(YOUR OBJECTIVE) Below are the records; copy exactly the lines from the first through the one containing "The result is", both included, and leave out the pictures.

----

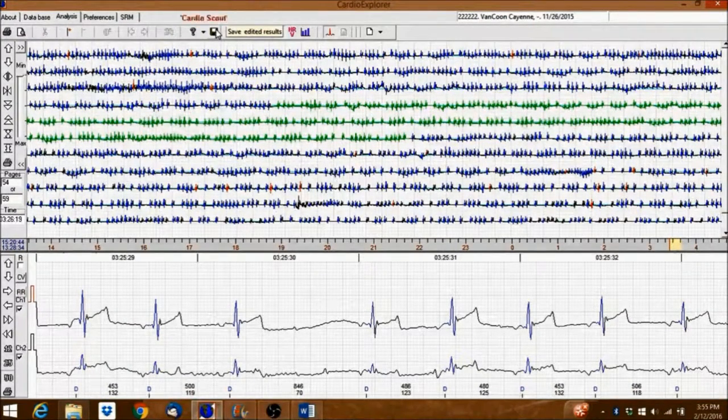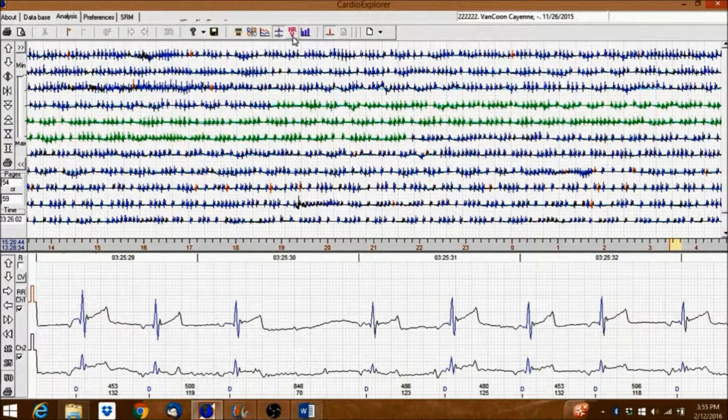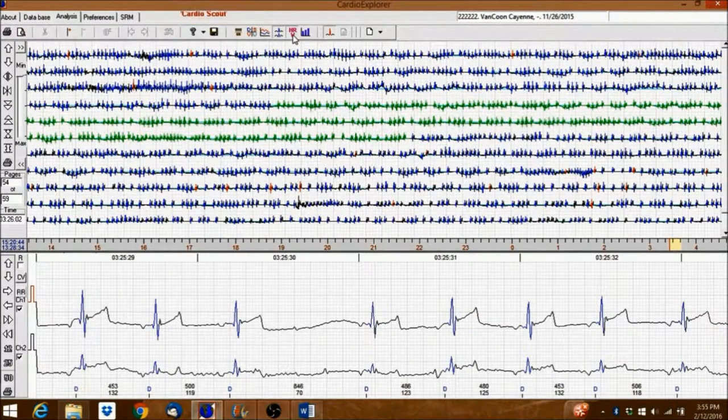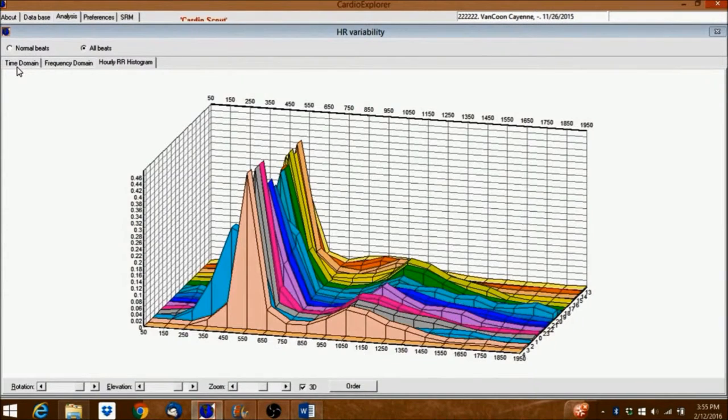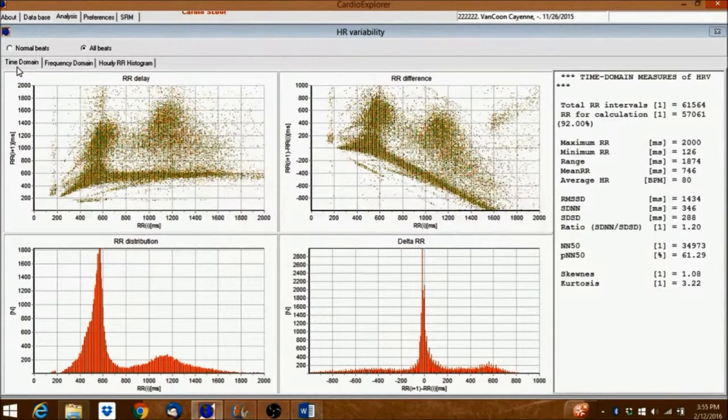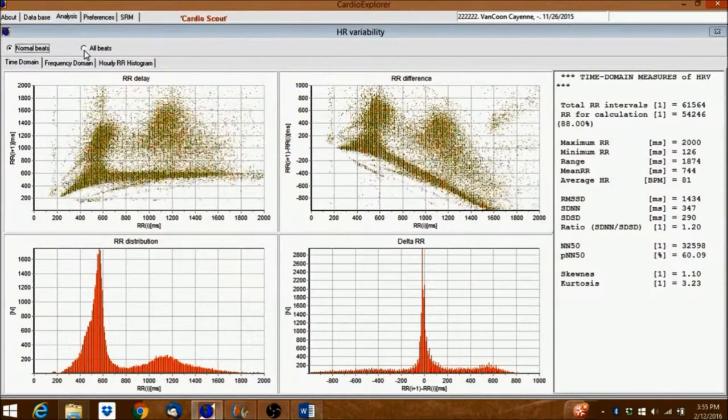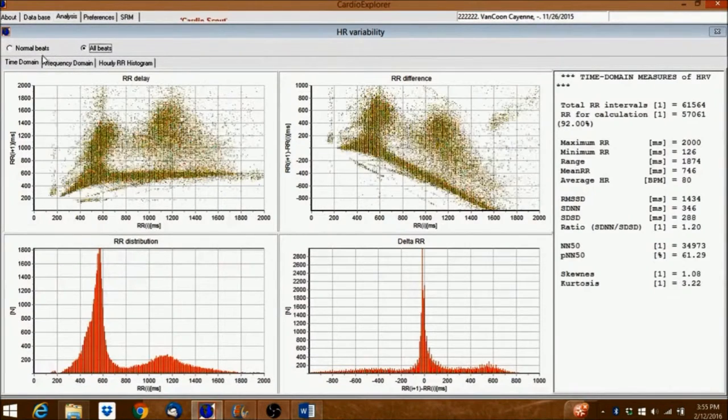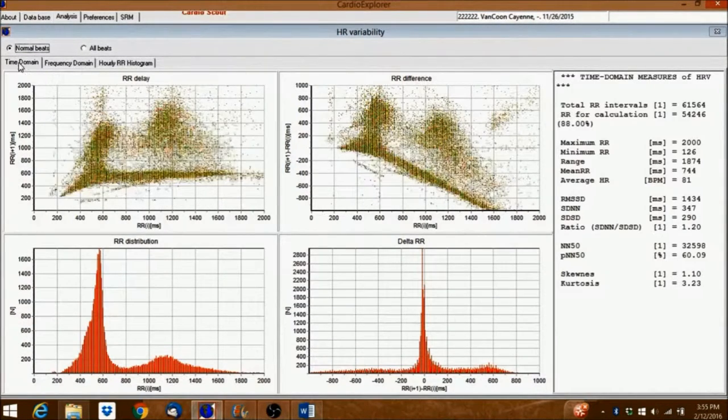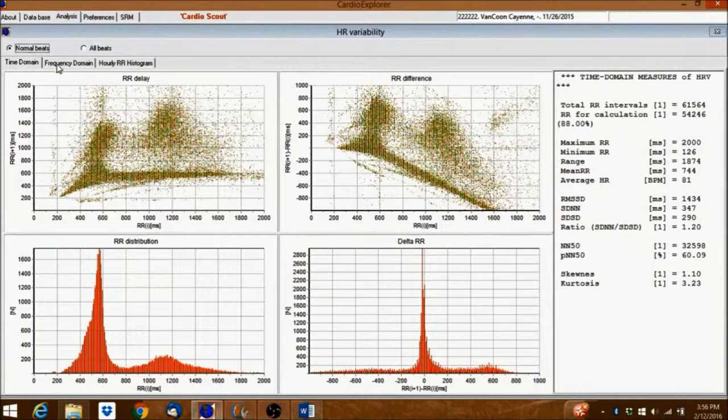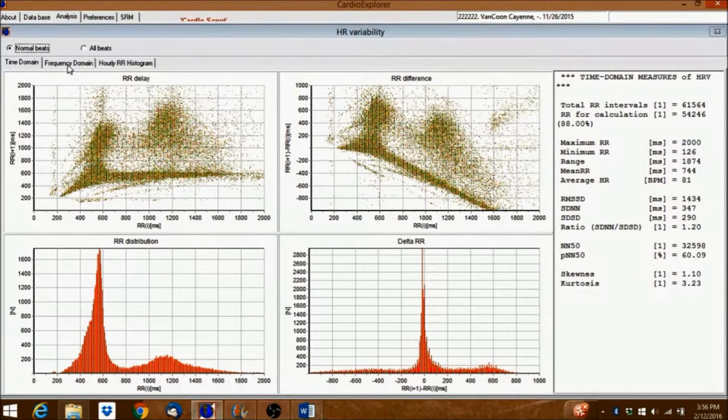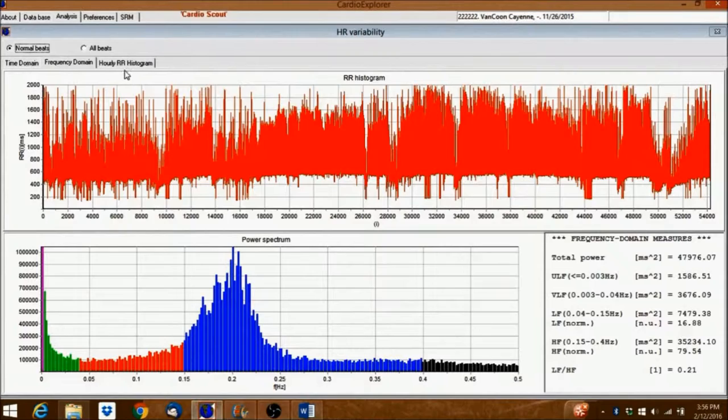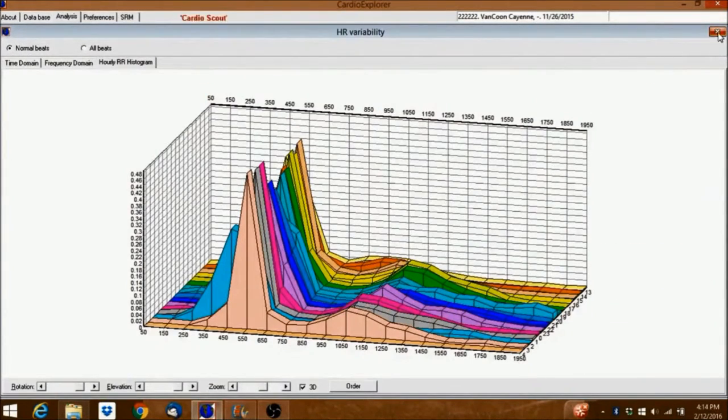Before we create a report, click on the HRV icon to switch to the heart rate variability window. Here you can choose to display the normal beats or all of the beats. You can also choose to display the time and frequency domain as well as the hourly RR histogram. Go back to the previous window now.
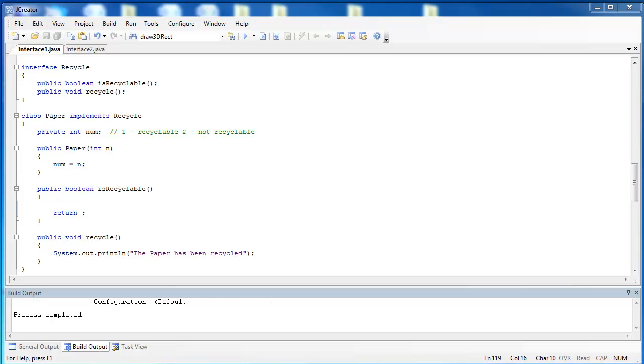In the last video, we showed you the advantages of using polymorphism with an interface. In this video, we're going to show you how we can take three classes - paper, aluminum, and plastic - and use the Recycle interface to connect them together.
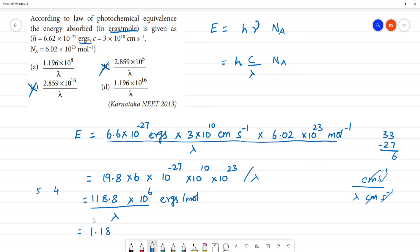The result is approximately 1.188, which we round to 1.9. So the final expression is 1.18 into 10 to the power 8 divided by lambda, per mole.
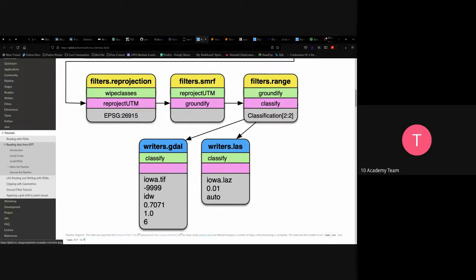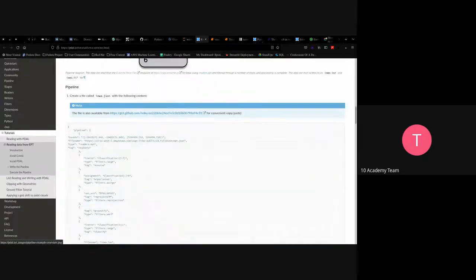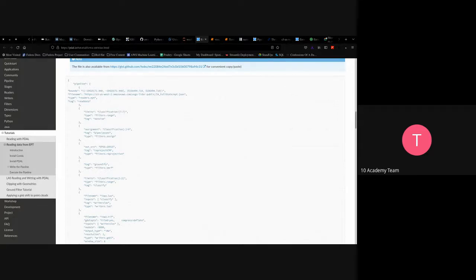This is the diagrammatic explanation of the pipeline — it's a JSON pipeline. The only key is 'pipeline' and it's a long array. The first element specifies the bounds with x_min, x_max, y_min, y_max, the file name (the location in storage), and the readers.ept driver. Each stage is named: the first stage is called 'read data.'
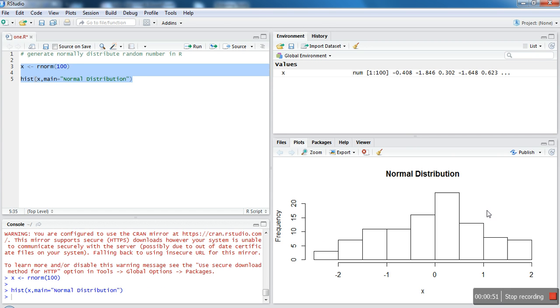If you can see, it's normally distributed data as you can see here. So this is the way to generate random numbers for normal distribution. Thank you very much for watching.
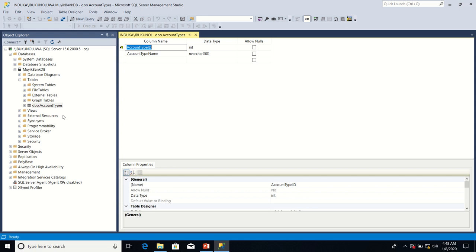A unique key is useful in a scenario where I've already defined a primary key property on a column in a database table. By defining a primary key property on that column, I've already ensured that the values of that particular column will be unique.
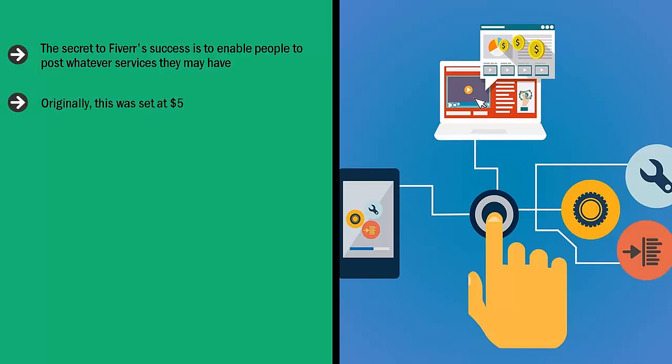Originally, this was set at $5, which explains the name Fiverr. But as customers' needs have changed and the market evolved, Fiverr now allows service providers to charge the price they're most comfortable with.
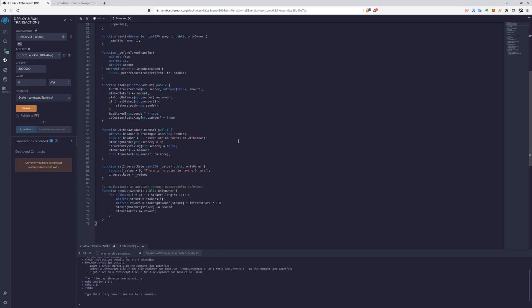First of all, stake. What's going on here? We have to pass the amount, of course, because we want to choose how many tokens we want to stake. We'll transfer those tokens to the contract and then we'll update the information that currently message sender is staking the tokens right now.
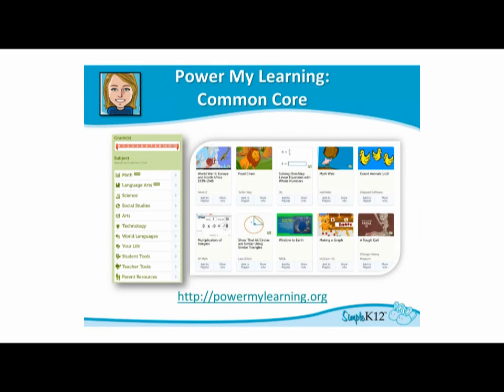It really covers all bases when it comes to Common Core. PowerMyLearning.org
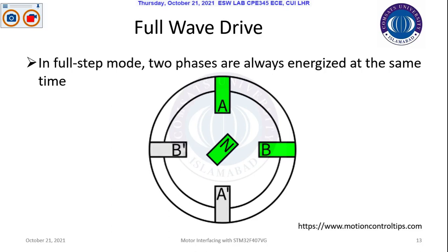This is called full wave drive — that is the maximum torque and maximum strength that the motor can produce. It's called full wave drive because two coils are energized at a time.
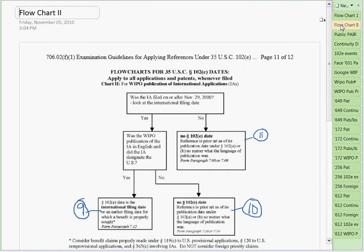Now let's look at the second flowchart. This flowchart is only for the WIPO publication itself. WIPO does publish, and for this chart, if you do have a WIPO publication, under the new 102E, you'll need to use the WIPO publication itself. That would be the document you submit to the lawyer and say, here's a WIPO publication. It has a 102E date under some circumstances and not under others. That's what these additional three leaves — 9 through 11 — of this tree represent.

----

(ANSWER TO THIS PROBLEM)
Before we create a report, click on the HRV icon to switch to the heart rate variability window. Here you can choose to display the normal beats or all of the beats. You can also choose to display the time and frequency domain as well as the hourly RR histogram. Go back to the previous window now.
In the last video, we showed you the advantages of using polymorphism with an interface. In this video, we're going to show you how we can take three classes - paper, aluminum, and plastic - and use the Recycle interface to connect them together.
The result is approximately 1.188, which we round to 1.9. So the final expression is 1.18 into 10 to the power 8 divided by lambda, per mole.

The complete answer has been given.